Synthesized Scientific Data Kit (SDK) is a comprehensive framework for generative modelling for structured data (tabular, time-series and event-based data). The SDK helps you create compliant statistical-preserving data snapshots for BI/Analytics and ML/AI applications. Right-size your data with AI-supported data transformations.
This delivery contains the SDK bundled up with a Jupyter notebook. This provides an easy platform to start working with synthetic data.
Available on the GCP Cloud Marketplace: https://console.cloud.google.com/marketplace/product/synthesized-marketplace-public/synthesized-sdk-notebook-byol
To install Synthesized SDK Jupyter Notebook to a Google Kubernetes Engine cluster via Google Cloud Marketplace, follow the on-screen instructions.
You need the following tools in your development environment:
Configure gcloud
as a Docker credential helper:
gcloud auth configure-docker
Create a new cluster from the command line:
export CLUSTER=sdk-cluster
export ZONE=us-west1-a
gcloud container clusters create "${CLUSTER}" --zone "${ZONE}"
Configure kubectl
to connect to the new cluster:
gcloud container clusters get-credentials "${CLUSTER}" --zone "${ZONE}"
Clone this repo, as well as its associated tools repo:
git clone --recursive https://github.com/synthesized-io/sdk-on-gcp.git
An Application resource is a collection of individual Kubernetes components, such as Services, Deployments, and so on, that you can manage as a group.
To set up your cluster to understand Application resources, run the following command:
kubectl apply -f "https://raw.githubusercontent.com/GoogleCloudPlatform/marketplace-k8s-app-tools/master/crd/app-crd.yaml"

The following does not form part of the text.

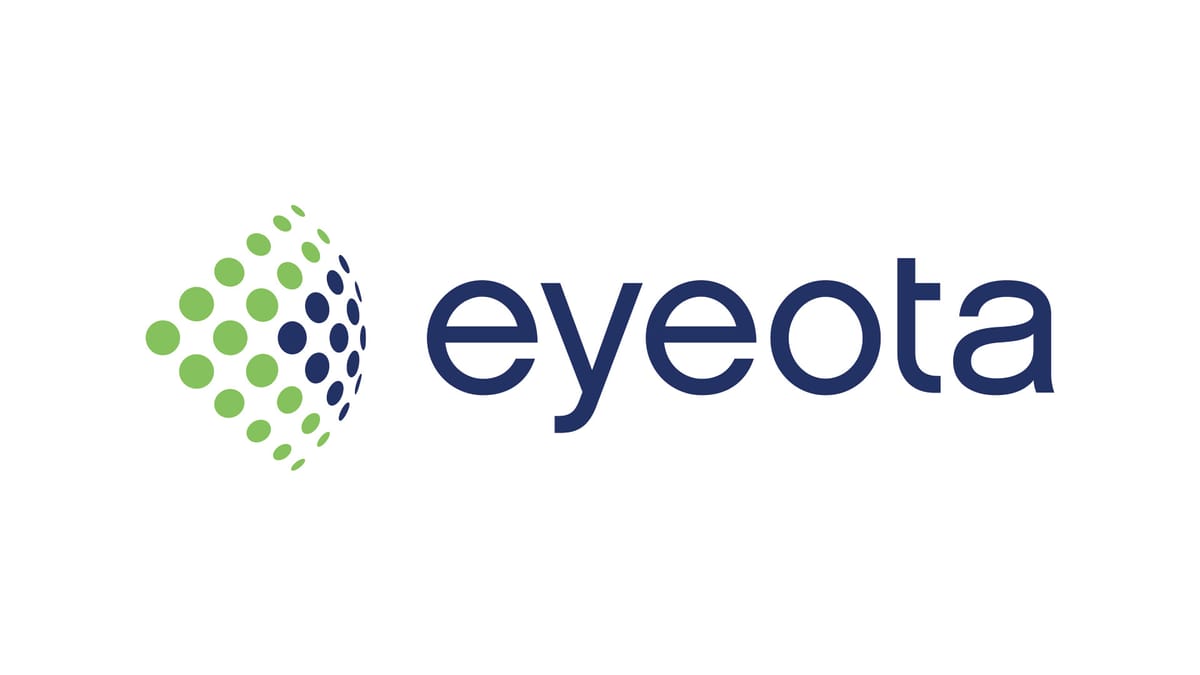 Eyeota earns certification from the IAB Tech Lab for its Data Transparency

You need to run this command once.
The Application resource is defined by the Kubernetes SIG-apps community. You can find the source code at github.com/kubernetes-sigs/application.
Choose an instance name and
namespace
for the app. In most cases, you can use the default
namespace.
export APP_INSTANCE_NAME=sdk-jupyter-server
export NAMESPACE=default
Set up the image tag. Example:
export TAG="2.7.6"
Configure the container images:
export IMAGE_REGISTRY="gcr.io/synthesized-marketplace-public/sdk-jupyter-server"
Configure the Synthesized licence key:
export SYNTHESIZED_KEY=[YOUR KEY]
(Optional) Set computation resources limit:
export RESOURCES_LIMITS_CPU=1
export RESOURCES_LIMITS_MEMORY=1Gi
If you use a different namespace than the default
, create a new namespace by
running the following command:
kubectl create namespace "${NAMESPACE}"
To create the Service Account and ClusterRoleBinding:
export SDK_SERVICE_ACCOUNT="${APP_INSTANCE_NAME}-serviceaccount"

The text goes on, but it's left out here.